The tradition was born in the days before the court played a central role in policymaking. But now, when the court has a role in everything from whether race can be considered in college admissions to the outcome of the 2000 presidential election, some are saying that tradition has to change.
"If the chief justice's medical prognosis is indeed such that he may not be able to finish this term, that's something the American people have a right to know, especially where you have dueling doctors speculating about the meaning of a tracheotomy," said David J. Garrow, a Supreme Court historian and professor of law at Emory University.
"If it were [Speaker of the House] Dennis Hastert or [Senate Minority Leader] Tom Daschle, people would say there is an unchallengeable public right to know as much as the public official himself knows," Garrow said.
But others defended the court's approach. They noted the constitutional differences between the judiciary and the other branches of government.
"The court operates according to a different rule," said Michael A. Carvin, a former Reagan administration Justice Department official. "There is no constitutional transition issue like you have with the president. There is no day-to-day, commander-in-chief-type responsibility. You can operate the court on autopilot. You can't operate the presidency that way."
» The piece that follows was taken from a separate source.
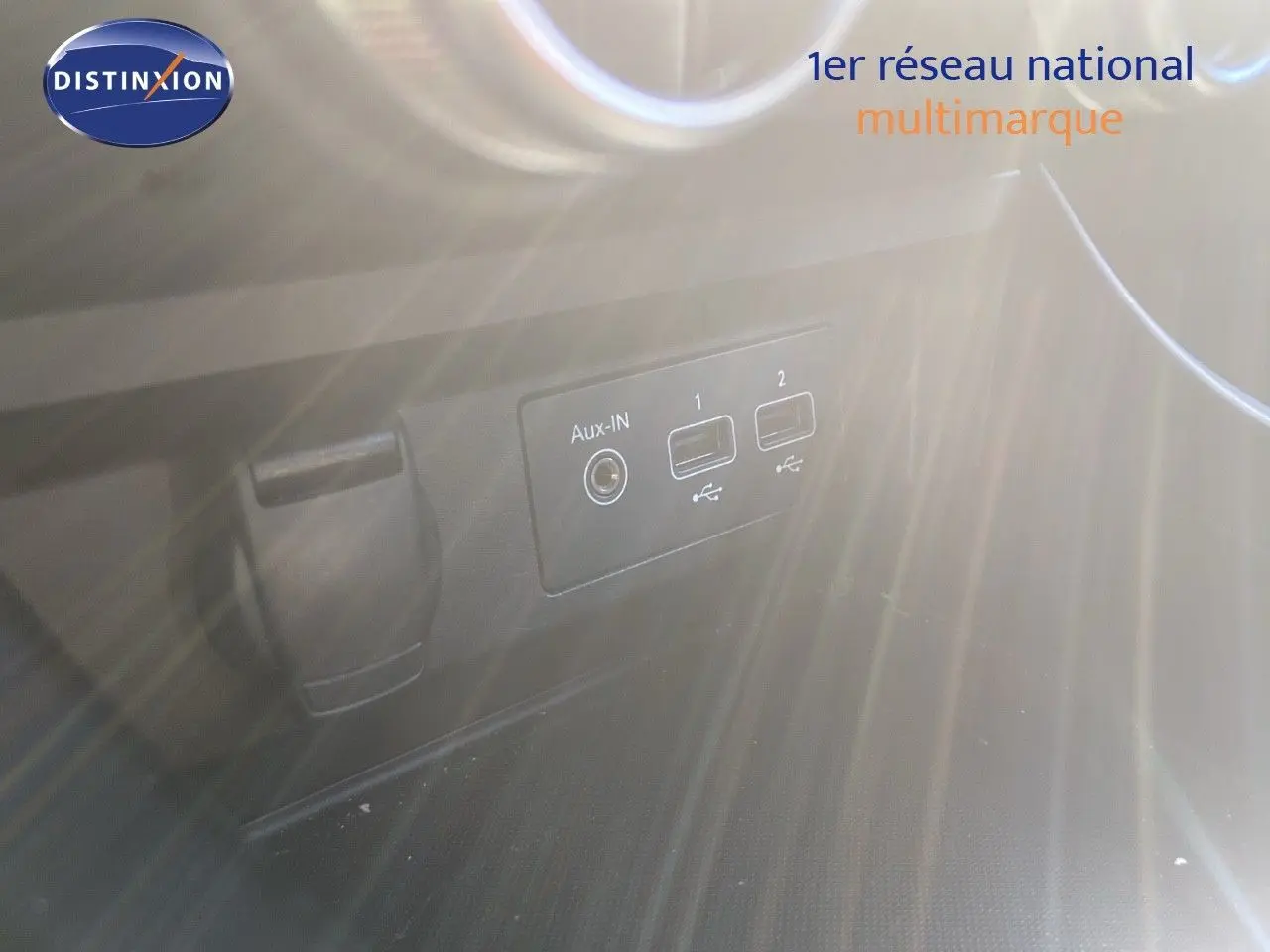 Prise USB et entrée Aux-In en gros plan dans l'habitacle du Renault Arkana noir métal 2023.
It also is possible that not even the chief justice is certain about his condition.
"In my opinion, he owes the public whatever he gives the public," said Washington lawyer Charles J. Cooper, a former Rehnquist law clerk. "He may still be finding things out himself."
SWINGER: Justice Sandra Day O'Connor's pivotal role on the court, long a matter of conventional wisdom among lawyers, has been confirmed by the latest quantitative methods of political science.
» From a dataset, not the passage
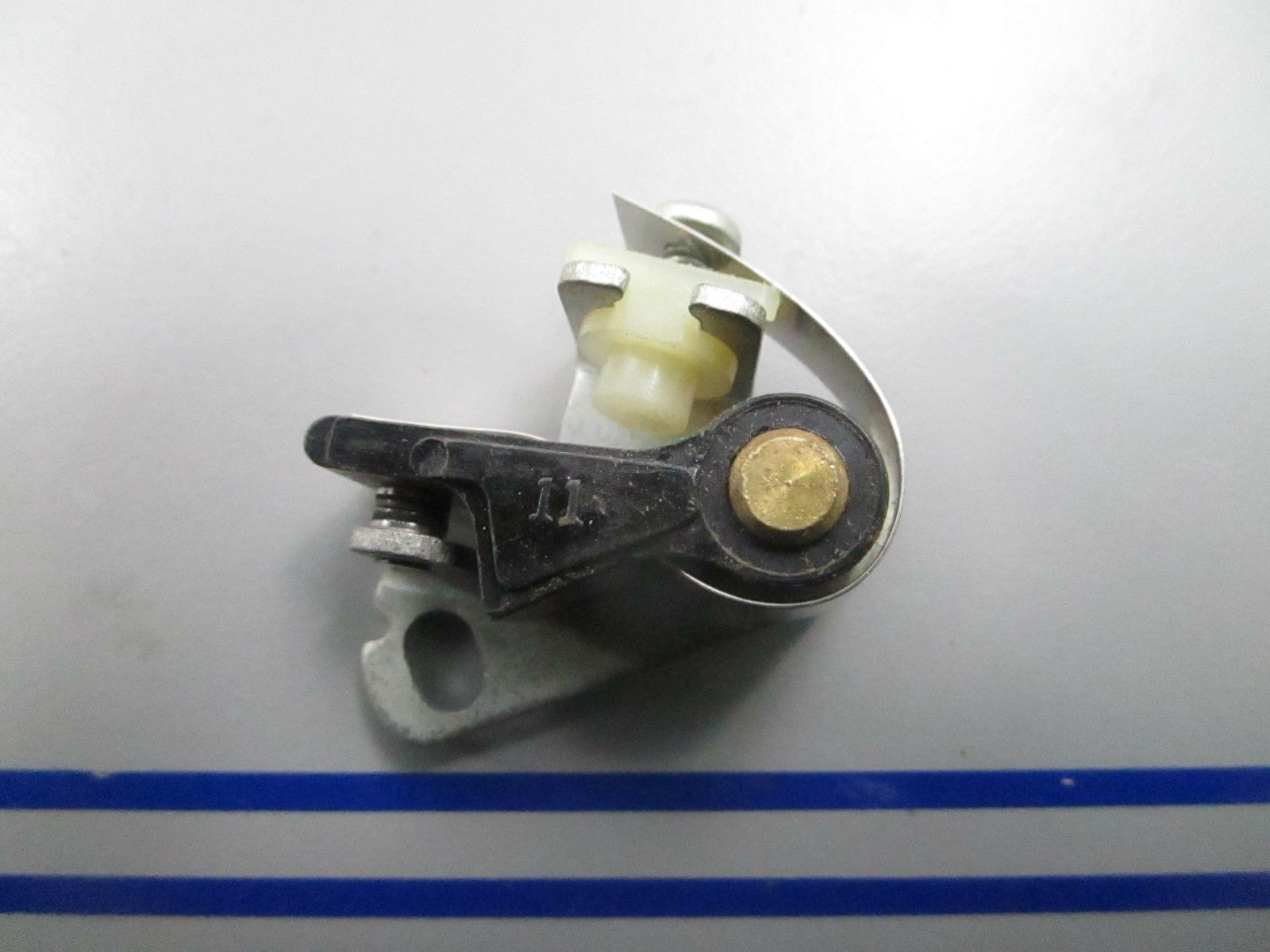 *NEW OEM* 0810 Tecumseh Breaker Point 32011A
In a forthcoming North Carolina Law Review article, professors Andrew D. Martin, Kevin Quinn and Lee Epstein show not only that O'Connor is the court's "median voter," but also that the 74-year-old has moved steadily to the left in recent years, taking the court with her.
A lot of math is involved, but basically the professors ranked justices on a numerical scale, assigning point values to their ideological leanings as shown through their votes. The higher the number, the more conservative the voting record.
In 2002, the last term covered by the study, Justice Clarence Thomas was the most conservative, with a score of 3.637; Justice John Paul Stevens, at -2.516, was the most liberal. O'Connor's score, 0.247, just a hair to the right of center, represented the court's midpoint. O'Connor's score has gone down steadily, or become more liberal, since 1994. In that year, she was at 0.637.
The study also argues that, but for O'Connor's evolution, the court would not have approved of affirmative action in college admissions, which it did in 2003, by a 5 to 4 vote, with O'Connor writing the majority opinion.
According to their calculations, the political scientists say, "the likelihood of O'Connor providing the key vote to uphold the program was quite small for any term prior to 2001."